• _INPUT_
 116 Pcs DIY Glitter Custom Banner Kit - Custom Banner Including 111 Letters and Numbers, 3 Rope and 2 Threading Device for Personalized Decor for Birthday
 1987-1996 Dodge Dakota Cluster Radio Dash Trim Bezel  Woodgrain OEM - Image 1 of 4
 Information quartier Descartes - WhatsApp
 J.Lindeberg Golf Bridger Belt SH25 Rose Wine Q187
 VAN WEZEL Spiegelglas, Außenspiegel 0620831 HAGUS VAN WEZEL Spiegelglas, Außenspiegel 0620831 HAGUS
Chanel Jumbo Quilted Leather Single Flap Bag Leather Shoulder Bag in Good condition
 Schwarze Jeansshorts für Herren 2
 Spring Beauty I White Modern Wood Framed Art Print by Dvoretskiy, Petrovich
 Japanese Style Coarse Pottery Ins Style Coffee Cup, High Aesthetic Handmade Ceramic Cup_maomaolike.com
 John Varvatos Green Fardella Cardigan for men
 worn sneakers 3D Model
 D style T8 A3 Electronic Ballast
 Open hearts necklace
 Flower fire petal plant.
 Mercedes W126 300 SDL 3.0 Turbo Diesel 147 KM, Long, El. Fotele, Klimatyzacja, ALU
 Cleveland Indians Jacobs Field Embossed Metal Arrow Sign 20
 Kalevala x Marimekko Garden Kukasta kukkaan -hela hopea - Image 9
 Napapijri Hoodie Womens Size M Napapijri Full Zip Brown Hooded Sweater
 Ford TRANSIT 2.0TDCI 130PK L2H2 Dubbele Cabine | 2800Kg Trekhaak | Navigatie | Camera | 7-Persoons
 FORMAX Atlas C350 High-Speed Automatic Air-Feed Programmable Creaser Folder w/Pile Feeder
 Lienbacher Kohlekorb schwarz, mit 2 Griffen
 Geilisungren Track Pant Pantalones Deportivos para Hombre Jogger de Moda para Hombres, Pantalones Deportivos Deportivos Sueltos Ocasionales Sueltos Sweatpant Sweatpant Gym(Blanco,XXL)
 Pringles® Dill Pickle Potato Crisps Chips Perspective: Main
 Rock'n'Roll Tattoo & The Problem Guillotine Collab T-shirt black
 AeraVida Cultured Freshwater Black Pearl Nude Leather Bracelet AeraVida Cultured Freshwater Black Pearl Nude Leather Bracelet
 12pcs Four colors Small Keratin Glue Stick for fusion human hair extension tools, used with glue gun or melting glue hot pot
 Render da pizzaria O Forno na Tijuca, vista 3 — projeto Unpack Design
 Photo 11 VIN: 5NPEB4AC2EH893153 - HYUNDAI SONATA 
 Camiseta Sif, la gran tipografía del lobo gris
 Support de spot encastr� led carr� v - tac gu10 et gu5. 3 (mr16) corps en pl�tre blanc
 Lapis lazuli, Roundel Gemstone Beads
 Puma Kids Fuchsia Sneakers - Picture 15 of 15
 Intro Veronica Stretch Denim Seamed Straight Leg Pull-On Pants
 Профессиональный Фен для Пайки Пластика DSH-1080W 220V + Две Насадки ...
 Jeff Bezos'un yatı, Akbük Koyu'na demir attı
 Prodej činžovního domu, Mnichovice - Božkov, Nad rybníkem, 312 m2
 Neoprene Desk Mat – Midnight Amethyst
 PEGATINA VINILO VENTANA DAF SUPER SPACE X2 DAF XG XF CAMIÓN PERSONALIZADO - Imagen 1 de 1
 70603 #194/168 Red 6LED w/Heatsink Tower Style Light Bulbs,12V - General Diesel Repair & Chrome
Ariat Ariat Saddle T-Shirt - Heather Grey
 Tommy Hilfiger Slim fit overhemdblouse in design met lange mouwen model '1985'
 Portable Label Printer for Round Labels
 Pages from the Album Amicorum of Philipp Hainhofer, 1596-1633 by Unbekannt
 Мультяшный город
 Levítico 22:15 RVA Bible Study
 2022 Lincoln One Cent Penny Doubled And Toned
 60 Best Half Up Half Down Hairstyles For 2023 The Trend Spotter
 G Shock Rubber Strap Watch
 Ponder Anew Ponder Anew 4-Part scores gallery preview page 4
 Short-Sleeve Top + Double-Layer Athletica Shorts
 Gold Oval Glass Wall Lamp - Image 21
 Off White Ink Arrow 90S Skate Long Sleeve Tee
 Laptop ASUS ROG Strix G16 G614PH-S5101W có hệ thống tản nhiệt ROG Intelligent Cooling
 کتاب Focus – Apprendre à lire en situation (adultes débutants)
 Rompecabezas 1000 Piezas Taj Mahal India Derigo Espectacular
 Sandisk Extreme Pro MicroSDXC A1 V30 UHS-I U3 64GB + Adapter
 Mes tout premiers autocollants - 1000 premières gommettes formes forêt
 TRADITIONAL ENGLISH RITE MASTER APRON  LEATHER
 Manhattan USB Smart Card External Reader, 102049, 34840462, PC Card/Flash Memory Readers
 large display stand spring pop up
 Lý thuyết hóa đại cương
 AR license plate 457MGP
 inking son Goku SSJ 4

• _EXERCISE BRIEF_
Copy out every record above once more, precisely as written.

• _FINISHED EXERCISE_
 116 Pcs DIY Glitter Custom Banner Kit - Custom Banner Including 111 Letters and Numbers, 3 Rope and 2 Threading Device for Personalized Decor for Birthday
 1987-1996 Dodge Dakota Cluster Radio Dash Trim Bezel  Woodgrain OEM - Image 1 of 4
 Information quartier Descartes - WhatsApp
 J.Lindeberg Golf Bridger Belt SH25 Rose Wine Q187
 VAN WEZEL Spiegelglas, Außenspiegel 0620831 HAGUS VAN WEZEL Spiegelglas, Außenspiegel 0620831 HAGUS
Chanel Jumbo Quilted Leather Single Flap Bag Leather Shoulder Bag in Good condition
 Schwarze Jeansshorts für Herren 2
 Spring Beauty I White Modern Wood Framed Art Print by Dvoretskiy, Petrovich
 Japanese Style Coarse Pottery Ins Style Coffee Cup, High Aesthetic Handmade Ceramic Cup_maomaolike.com
 John Varvatos Green Fardella Cardigan for men
 worn sneakers 3D Model
 D style T8 A3 Electronic Ballast
 Open hearts necklace
 Flower fire petal plant.
 Mercedes W126 300 SDL 3.0 Turbo Diesel 147 KM, Long, El. Fotele, Klimatyzacja, ALU
 Cleveland Indians Jacobs Field Embossed Metal Arrow Sign 20
 Kalevala x Marimekko Garden Kukasta kukkaan -hela hopea - Image 9
 Napapijri Hoodie Womens Size M Napapijri Full Zip Brown Hooded Sweater
 Ford TRANSIT 2.0TDCI 130PK L2H2 Dubbele Cabine | 2800Kg Trekhaak | Navigatie | Camera | 7-Persoons
 FORMAX Atlas C350 High-Speed Automatic Air-Feed Programmable Creaser Folder w/Pile Feeder
 Lienbacher Kohlekorb schwarz, mit 2 Griffen
 Geilisungren Track Pant Pantalones Deportivos para Hombre Jogger de Moda para Hombres, Pantalones Deportivos Deportivos Sueltos Ocasionales Sueltos Sweatpant Sweatpant Gym(Blanco,XXL)
 Pringles® Dill Pickle Potato Crisps Chips Perspective: Main
 Rock'n'Roll Tattoo & The Problem Guillotine Collab T-shirt black
 AeraVida Cultured Freshwater Black Pearl Nude Leather Bracelet AeraVida Cultured Freshwater Black Pearl Nude Leather Bracelet
 12pcs Four colors Small Keratin Glue Stick for fusion human hair extension tools, used with glue gun or melting glue hot pot
 Render da pizzaria O Forno na Tijuca, vista 3 — projeto Unpack Design
 Photo 11 VIN: 5NPEB4AC2EH893153 - HYUNDAI SONATA 
 Camiseta Sif, la gran tipografía del lobo gris
 Support de spot encastr� led carr� v - tac gu10 et gu5. 3 (mr16) corps en pl�tre blanc
 Lapis lazuli, Roundel Gemstone Beads
 Puma Kids Fuchsia Sneakers - Picture 15 of 15
 Intro Veronica Stretch Denim Seamed Straight Leg Pull-On Pants
 Профессиональный Фен для Пайки Пластика DSH-1080W 220V + Две Насадки ...
 Jeff Bezos'un yatı, Akbük Koyu'na demir attı
 Prodej činžovního domu, Mnichovice - Božkov, Nad rybníkem, 312 m2
 Neoprene Desk Mat – Midnight Amethyst
 PEGATINA VINILO VENTANA DAF SUPER SPACE X2 DAF XG XF CAMIÓN PERSONALIZADO - Imagen 1 de 1
 70603 #194/168 Red 6LED w/Heatsink Tower Style Light Bulbs,12V - General Diesel Repair & Chrome
Ariat Ariat Saddle T-Shirt - Heather Grey
 Tommy Hilfiger Slim fit overhemdblouse in design met lange mouwen model '1985'
 Portable Label Printer for Round Labels
 Pages from the Album Amicorum of Philipp Hainhofer, 1596-1633 by Unbekannt
 Мультяшный город
 Levítico 22:15 RVA Bible Study
 2022 Lincoln One Cent Penny Doubled And Toned
 60 Best Half Up Half Down Hairstyles For 2023 The Trend Spotter
 G Shock Rubber Strap Watch
 Ponder Anew Ponder Anew 4-Part scores gallery preview page 4
 Short-Sleeve Top + Double-Layer Athletica Shorts
 Gold Oval Glass Wall Lamp - Image 21
 Off White Ink Arrow 90S Skate Long Sleeve Tee
 Laptop ASUS ROG Strix G16 G614PH-S5101W có hệ thống tản nhiệt ROG Intelligent Cooling
 کتاب Focus – Apprendre à lire en situation (adultes débutants)
 Rompecabezas 1000 Piezas Taj Mahal India Derigo Espectacular
 Sandisk Extreme Pro MicroSDXC A1 V30 UHS-I U3 64GB + Adapter
 Mes tout premiers autocollants - 1000 premières gommettes formes forêt
 TRADITIONAL ENGLISH RITE MASTER APRON  LEATHER
 Manhattan USB Smart Card External Reader, 102049, 34840462, PC Card/Flash Memory Readers
 large display stand spring pop up
 Lý thuyết hóa đại cương
 AR license plate 457MGP
 inking son Goku SSJ 4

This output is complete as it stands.